1. 25% tariffs on all Canadian manufactured goods, exemptions for minerals, energy, oil and gas. Grace periods given for companies moving their manufacturing operations into the USA from Canada. Our dollar plummets, and Canada plunges into a recession with Ontario and Quebec hardest hit.
2. Canada responds with retaliatory tariffs and an export tax on oil, gas and minerals in order to try and leverage the Americans and keep Eastern Canada afloat.
3. The USA offers state status and 1 to 1 currency conversion for any Canadian provinces who wish to secede and join America.
Alberta is the weak point and the prize if you’re the USA here. And sorry to say Canada, but without Alberta, you’re screwed.
Can someone please tell me how I’m misreading this?

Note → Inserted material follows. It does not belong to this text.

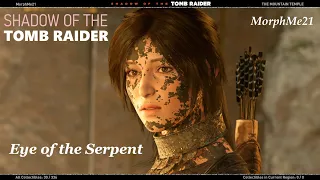 Shadow of the Tomb Raider - Mission 12: Eye of the Serpent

We built a railway to BC because we were afraid the the US had designs of taking over BC. We should build pipelines for Alberta as quick as possible to prevent the same thing.Its in Canada's best interest,will it happen I have my doubts.
All good ideas, but what is it that they say about, "A day late and a dollar short?"
Multiple years late and many, gazillions of dollars short.
But then, I'm an Albertan.
Oh, and stop this "Traitor" crap coming from various sections of the peanut gallery, if you please.
If you're referring to traitor as a description for Trump, it's dead on accurate. Anyone who tries to overthrow his own government is a traitor. Anyone who shares his nation's secrets is a traitor. If you're referring to someone else, well this was a waste :)
No, dammit!
I'm talking about the use of the T word to describe Danielle Smith who is the only Canadian politician who is doing any good on this file.
As for DJT, his countrymen can call him what they want but Canadians had better be careful in calling him names.
Put it differently: The LPC and NDP have spent the last few years trying to defame PP by comparing him to Trump in the most negative way. Do you or any sentient Canadian (obviously, the adjective "sentient" does not include member of the LPC or NDP) really believe that DJT will forgive and forget? So, can any member of the LPC or (God forbid!) NDP negotiate with DJT? The answer is no.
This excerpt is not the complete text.